Сказанное относится и к разделу «Мандельштамовские места», в котором тоже отменнейшие удачи соседствуют с этюдами, непонятно зачем включёнными в книгу. Великолепен текст «“На западе, у чуждого семейства…”: семестр в Гейдельберге» — одновременно вдохновенный и предельно скрупулёзный, полный вкусных подробностей очерк о быте и нравах знаменитого германского университетского города в пору мандельштамовского недолгого пребывания в нём.

Менее захватывающ, но не менее фундаментален очерк о Париже. И тут же — совершенно необязательный этюд «“Город, знакомый до слёз…”: Мандельштам и Петербург»: ну как о Мандельштаме — и без Петербурга? Поэтому — для галочки? — следует очень краткий пересказ общеизвестного с хрестоматийными цитатами. Очерк о мандельштамовском Воронеже ценен детальными сведениями о круге общения Мандельштама в этом городе, но решительно ничего мы из него не узнаем о самом Воронеже — скажем, о том, каким он был в пору мандельштамовской ссылки. А ведь город, прямо скажем, не из последних. Неожиданная, на первый взгляд, удача — очерк «“Американ-бар”: Мандельштам и Америка, Америка и Мандельштам». Неожиданная — потому что вроде бы где Мандельштам и где Америка? Но Нерлер, опираясь на несколько мандельштамовских текстов, даёт тонкий и точный анализ проблемы, выявляя культурологический её пласт. И тут же вновь срывается в либералистское мифотворчество,походя бросая: «Иначе говоря, Мандельштам ощущал себя причастным к своеобразной чаадаевской традиции — традиции тех, кто, побывав на Западе, нашёл в себе достаточно сил, чтобы не остаться там навсегда и вернуться» (с. 352).
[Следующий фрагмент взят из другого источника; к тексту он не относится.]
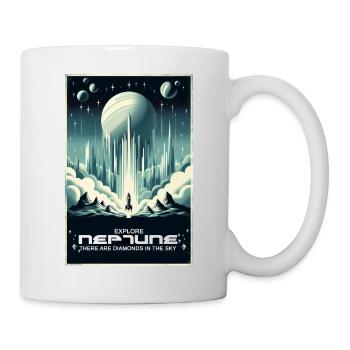 Neptun entdecken - Vintage Poster - Tasse - Weiß - Rechts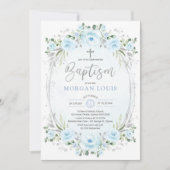 赤エレガントちゃんブルーシルバーフラワーバプテスマ 招待状 (正面)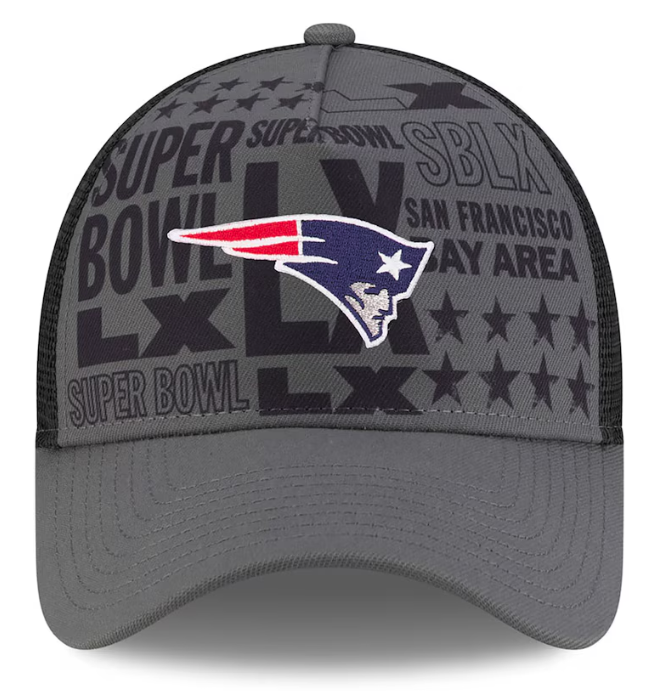 Men's New England Patriots New Era Charcoal Super Bowl LX 9FORTY A-Frame Trucker Adjustable Hat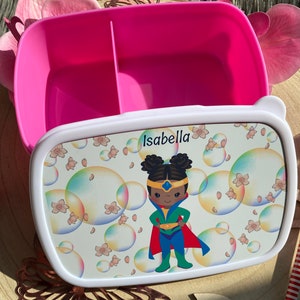 Lunch box personalized children - lunch box with 2 compartments separation - gift school kindergarten lunch box - lunch box with name for children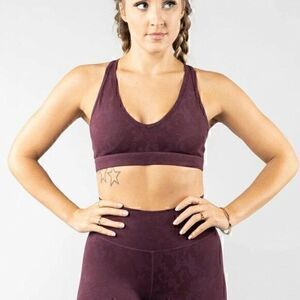 Buffbunny Collection Womens Wine Racerback Confidential Sports Bra Size XX Small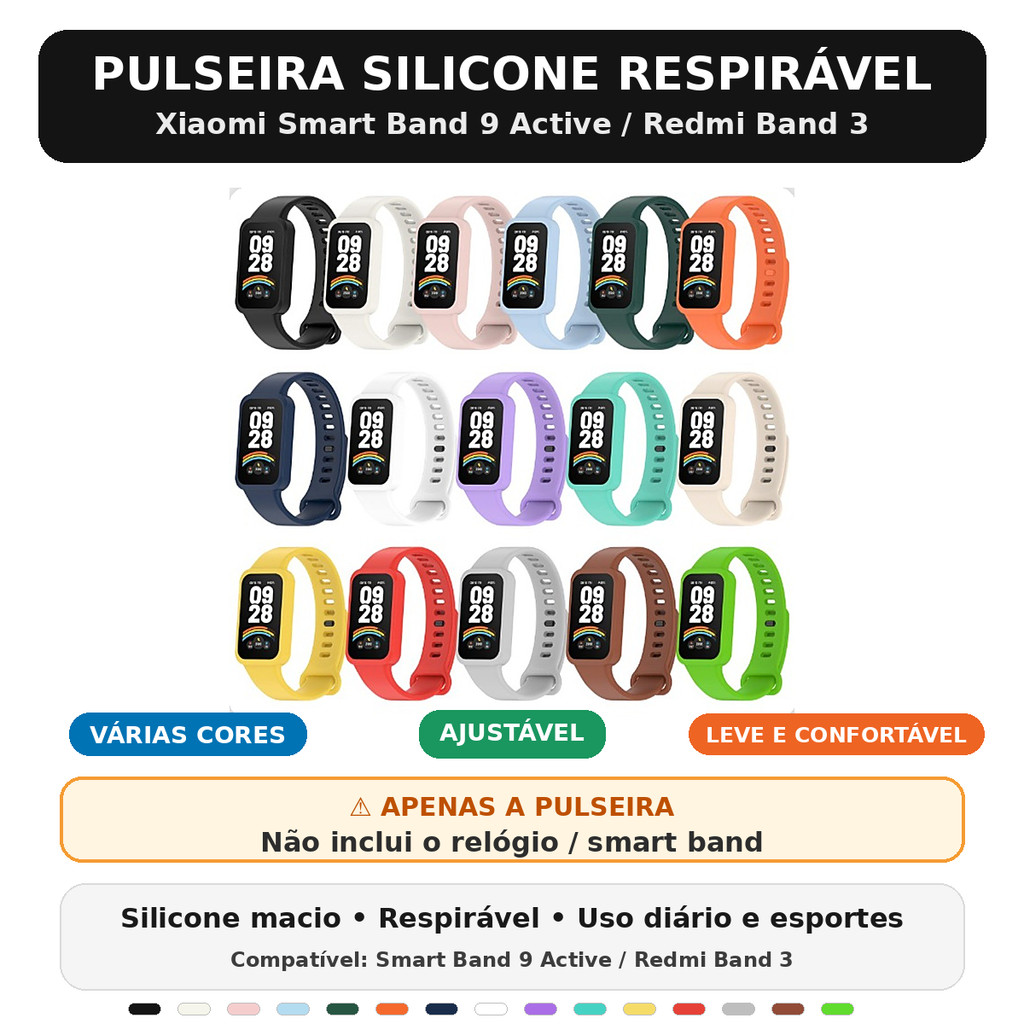 Pulseira Silicone Respirável para Xiaomi Smart Band 9 Active / Redmi Band 3 | Confortável, Ajustável e Leve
То есть возвращение на родину — это подвиг, это неслыханное напряжёние сил. Надо ли говорить, что к Чаадаеву это не имеет никакого отношения — ни в прямом, ни в переносном смысле, да и к Мандельштаму не так уж применимо.

Отдельная тема — приложенные к основному корпусу текстов выдержки из дневников автора за 1981 — 1984 годы, а именно та их часть, которая связана с издательской, околоиздательской и другой посмертной судьбой мандельштамовского наследия. Они необычайно интересны и полны незаменимых подробностей (вроде, например, беседы с переводчиком Игорем Поступальским).

Словом, книга в целом являет собой крайне неровный сборник текстов, сочетающий завидные взлёты с удручающими падениями. Одно из неизбежных проявлений дилетантизма в чём бы то ни было — неготовность пожертвовать тем, что порой только кажется важным. И здесь книге бы никак не помешал взгляд профессионала — издателя или редактора, бестрепетно сократившего бы слабые и необязательные её главки. Сборник потерял бы в весе, но выиграл бы в весомости. И уж совсем не стоило бы автору включать в книгу отрывки из собственных стихотворений. Уж больно они проигрывают в контексте остальных поэтических цитат.